Within a decade it is hoped salmon will return to the River Aire in west Yorkshire. Yorkshire Water is rebuilding the waste water treatment works adjoining the village of Esholt - previously home to TV soap Emmerdale Farm. The £64M project will bring discharge water quality in the Aire up to standards required by the European Union's Freshwater Fish Directive, which comes into force in 2010.
Contractor Morgan Est won the design and build contract with consultant Carl Bro.
Lancashire-based groundworks contractor Pennine has won a £300,000 ground improvement sub-contract to insert a combination of vibro stone columns and vibro concrete columns across the site.

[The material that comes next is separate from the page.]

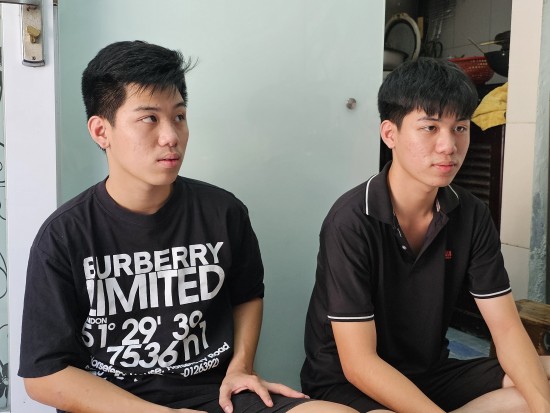 khanh hoa hai anh em sinh doi 19 tuoi tinh nguyen nhap ngu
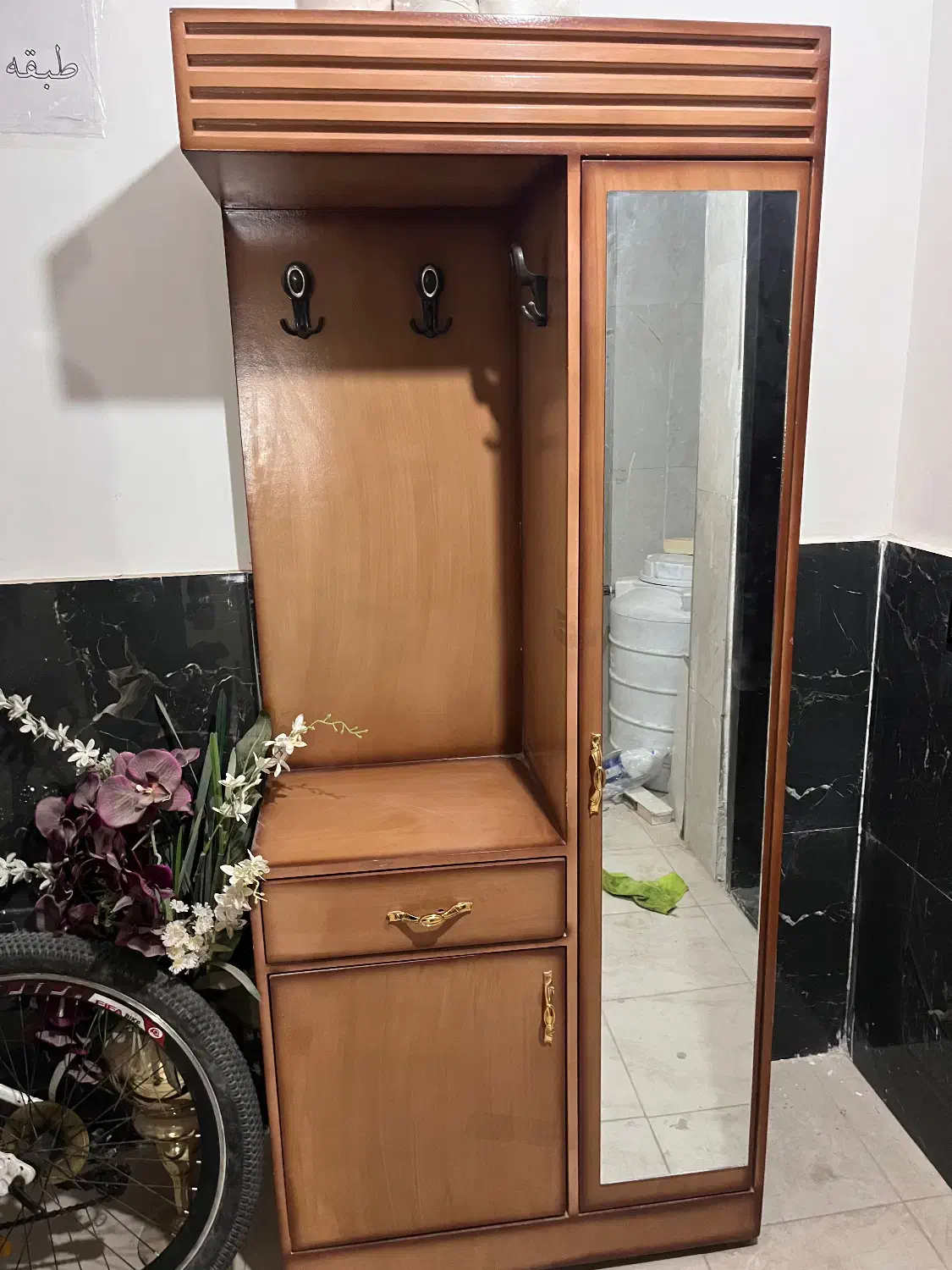 جاکفشی استندی اویز دار|جاکفشی، کمد، دراور|مبارکه, |دیوار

Under its six week contract, Pennine is installing 5,000 vibro stone columns across what was the sludge lagoon. A further 600 stone columns and a similar number of concrete columns will be installed elsewhere on the site in March.

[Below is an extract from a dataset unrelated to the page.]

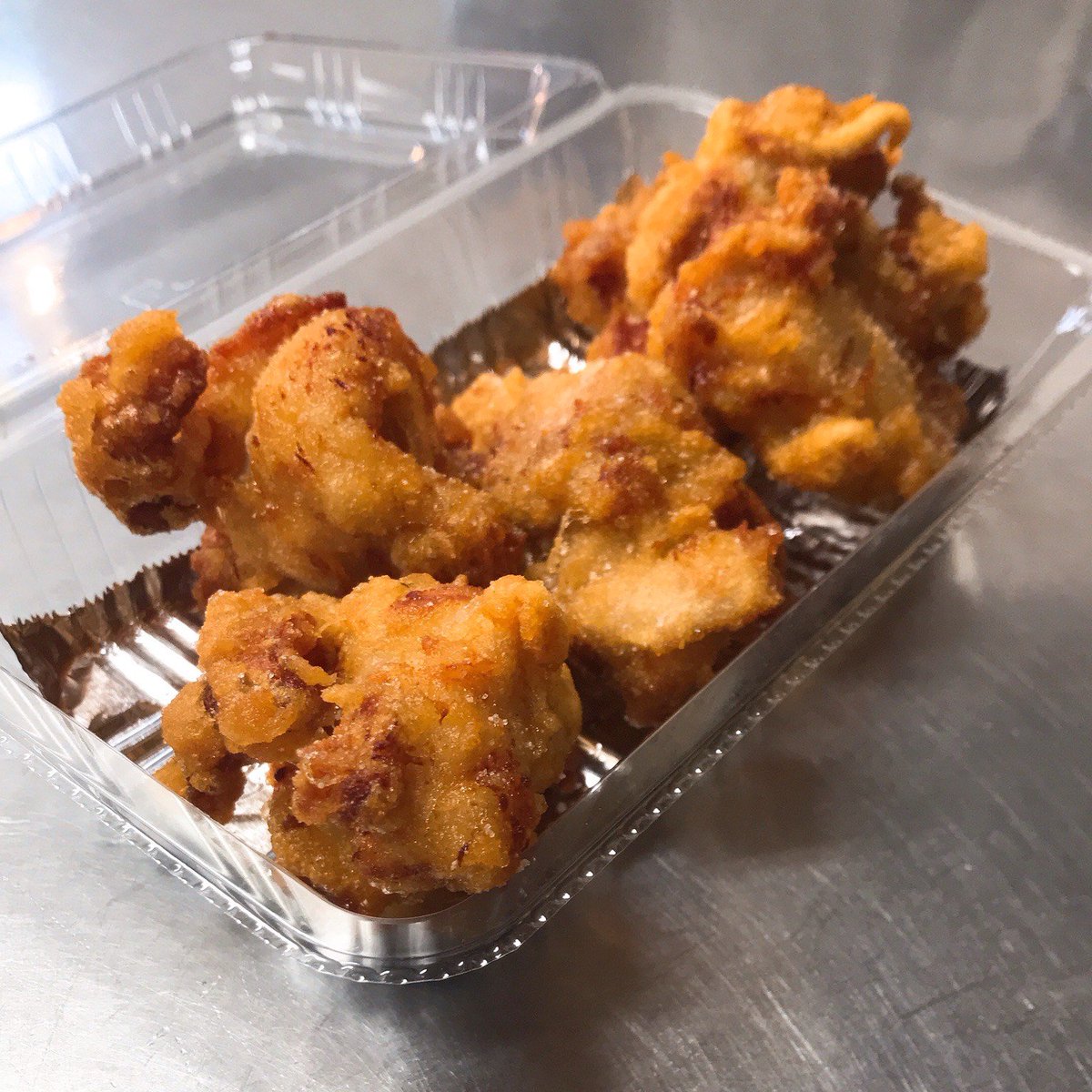 蛸べえ 桜川店 唐揚げの人気no 1 トリスハイボールと一緒に ハイカラ もどうぞ タコ もも肉の唐揚げ 小 250円 大 350円 たこ焼き 蛸べえ 粉もん 食べ歩き 大阪グルメ 唐揚げ ハイカラ はいからさんが通る ハイボール T Co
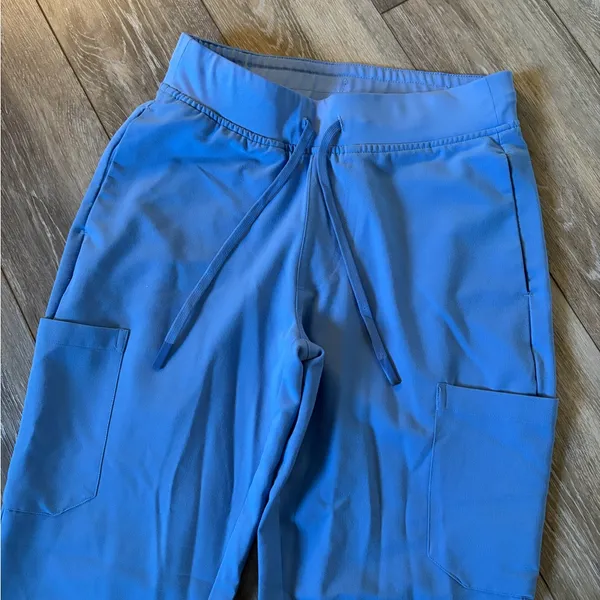 Mandala Nine Pocket Cargo Scrub Pants Ceil Blue Size XS Petite - Image 3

Stone columns are created by vibrating aggregate into the ground. This displaces and compacts surrounding soil, increasing bearing capacity.
Material can be added until the required bearing capacity is reached. Columns also act as drainage routes for water.
The purpose of the ground improvement at Esholt is to improve the uniformity of variable soils before construction of an activated sludge plant, consisting of a massive reinforced concrete tank 204m long and 80m wide with perimeter walls 6.5m high.
Ground conditions on the site range from competent sand and gravel over coal measures and bed rock of variable quality to made ground and weak alluvial clay and sands and gravels.
Pennine senior engineer David Preece explains that the site had been used for waste tipping as well as a slurry lagoon. Ironing out variations in the bearing capacity of the ground was not the only challenge. The activated sludge plant also exerts a wide range of pressure over its footprint, ranging from 75kPa to 180kPa. Pennine was challenged to deliver the required bearing capacity across the site, while keeping total settlement to within 300mm, and differential settlement to within 1:500.
'During the detailed design stage, Morgan Est found a large, triangular concrete tank buried on the site, ' Preece says. 'We have absolutely no idea what it was used for, and at first thought we might be able to site the stone columns on top of the base. But further investigation proved that the ground underneath was too soft to support the weight of the new activated sludge plant. That left us with the only option of removing the whole thing.' Following onsultation between Pennine and consultant Carl Bro, land remediation was carried out before ground improvement work started.
Varying ground levels meant that some parts of the site had to be lowered by up to 6m while others had to be raised by 1m.
The consultation established that vibro stone columns could be used to support all parts of the sludge plant structure.
But it also revealed that further information was needed on the strength of the weakest clay soils and the organic content of the made ground.
Carl Bro arranged for the additional site investigation, which identied isolated areas of organic rich soils. These were removed ahead of the ground improvement work.
During installation of the vibro stone columns, displacement of surrounding ground takes place, and there is some mixing of the stone with the surrounding ground. Large quantities of organic material in the ground can cause problems as it loses volume as it decays, leading to potential movement.
Pennine's design allowed for wider spacing of stone columns in the most competent areas and a closer spacing of columns where the thickest deposits of weak soils were found.
Adaptation of the installation rig will enable Pennine to use it for the vibro stone and concrete columns.
Looking for economies, Morgan Est wanted to reuse good quality sands and gravels found on the site of the sludge plant elsewhere on the site. The company asked Pennine if it was feasible to replace it with lower grade materials excavated from elsewhere.
Pennine worked with Morgan Est's materials engineer and developed a method of selecting appropriate soils, placing them and validating the placement with appropriate testing.
Cone penetration testing was used across the site to verify bearing capacities after work was completed.